Technical Challenges Along the Way
The Retarget Saga
Getting Mixamo animations onto different VRoid characters required Blender’s Retarget addon for constraint-based visual baking. What should have been straightforward turned into a multi-hour debugging session:
-
Root motion re-add broke everything. An earlier iteration of the export script zeroed the FBX armature transform and re-added root motion fcurves. This produced deformed animations for all characters except the first one tested. The fix: don’t touch the FBX transform at all. Let the visual bake capture everything naturally.
-
One sheet was the exception. Sheet 08 (Fall + Get Up) required
armature_z_overridewhich depends on Mixamo root motion being preserved as object-level fcurves. This needed the zeroing + root motion approach. Solution: dual export mode — simple for 12 sheets, root_motion for sheet 08, auto-detected from config. -
Conflicting documentation. Two memory files gave opposite advice about root motion handling. One said “DO NOT copy root motion,” the other said “you MUST re-add root motion.” Both were written by AI agents in different conversations, each solving a different aspect of the problem. The conflict caused repeated regressions.

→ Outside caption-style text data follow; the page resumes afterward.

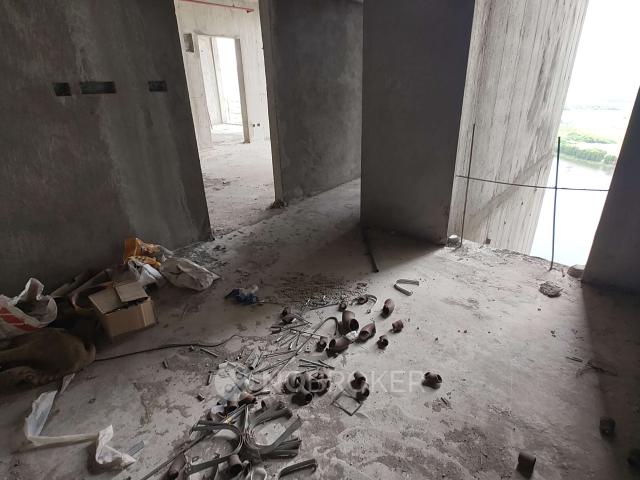 2 BHK Flat In Aliens Hub For Sale In Chennaram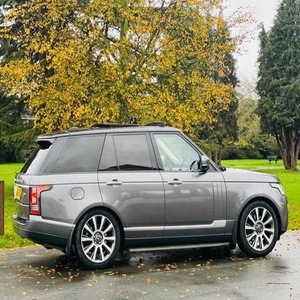 Land Rover Range Rover 3.0 Turbo TD V6 FWD Euro 6 5 puertas SUV Usado, Transmisión Semiautomática, Cuero Oscuro, Volante a la Derecha - Product Image 2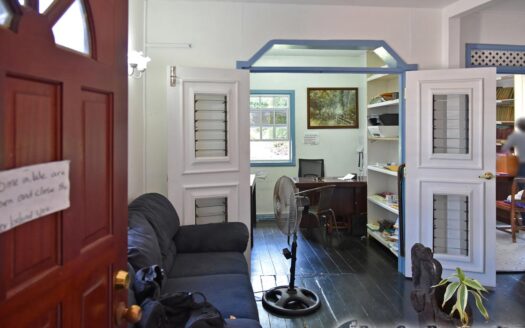 ROSEAU, King George V Street – Commercial, Residential Building On 1,332.sq.ft.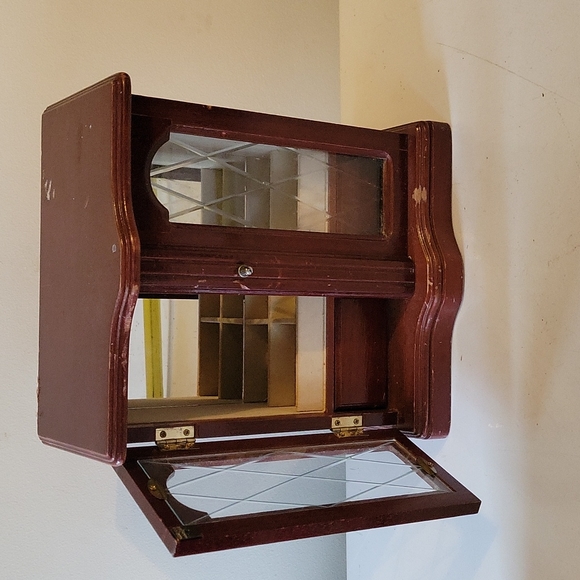 Wooden Jewelry holder with glass door - Picture 4 of 9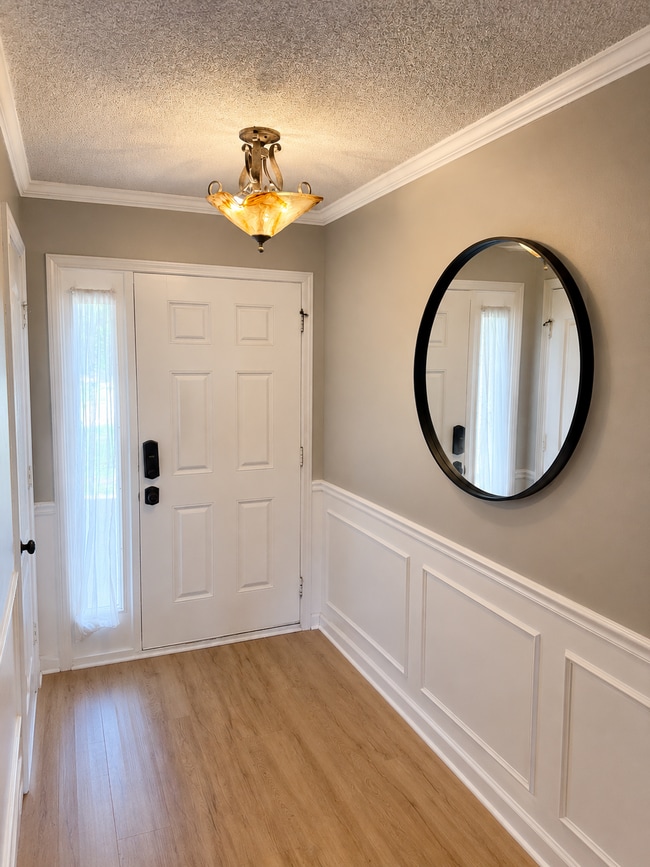 Photo - 1637 N 128th St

Lesson: When solving complex multi-step problems with AI agents across multiple sessions, documentation conflicts are inevitable. Always verify against the actual working output, not just the docs.
GPU vs CPU Rendering
EEVEE (Blender’s real-time renderer) needs GPU access. The --background flag disables GPU, forcing CPU software rasterization — 2x slower. Solution: launch Blender with start /min (minimized window) instead of --background to keep GPU access. Render time dropped from ~2.5 min/sheet to ~1.2 min/sheet.
The 100-Pair Limit
ModelScope Civision allows max 100 training pairs (300 images in multi-image mode = 100 sets of 3). With 7 characters and 16 animation types, we had to be strategic:
- 7 main characters × 14 sheets = 98 pairs
- 2 extra characters × 1 spin sheet each = 2 pairs
- Total: exactly 100
Spin Sheets for 3D Reconstruction
The Northern Soul Spin animation naturally rotates the character through 360 degrees. We created 3 variants with different frame selections to maximize angle coverage. Each frame’s rotation angle (in degrees) was included in the prompt, potentially enabling users to request specific orientations.
The Pipeline
VRoid Studio → VRM characters (9 total)
→ Mixamo auto-rig + 25 animations
→ Blender retarget + export (retarget_export.py)
→ GPU render (batch_render_characters.py)
→ 1024x1024 sprite sheets + character references
→ Package 100 multi-image pairs
→ ModelScope Civision LoRA training
Total render time: ~3 hours for 114 sprite sheets + 9 character references Training: Qwen-Image-Edit-2511, 5 repeats, 100 pairs Result: Character swap LoRA that generalizes to unseen characters and art styles
Key Takeaways
-
Work with your model, not against it. An editing model should edit. Don’t ask it to generate complex structured outputs from scratch.
-
Give the model what it needs in the input, not the prompt. The sprite sheet template provides the layout and poses. The prompt just says “swap the character.” Simple inputs + simple prompts > complex prompts.
-
Start with what the base model can already do. If the base model can swap characters at 90% accuracy, a LoRA only needs to fix the remaining 10%. That’s a much easier learning target than teaching a new capability from zero.
-
100 pairs is enough when the task is focused. We wasted time trying to make the model learn everything (layout + animation + character identity). When we narrowed the task to just character swapping, 100 pairs was more than sufficient.
-
Document aggressively, but verify against reality. AI agents across multiple sessions will create conflicting documentation. The code and rendered output are the source of truth, not the docs.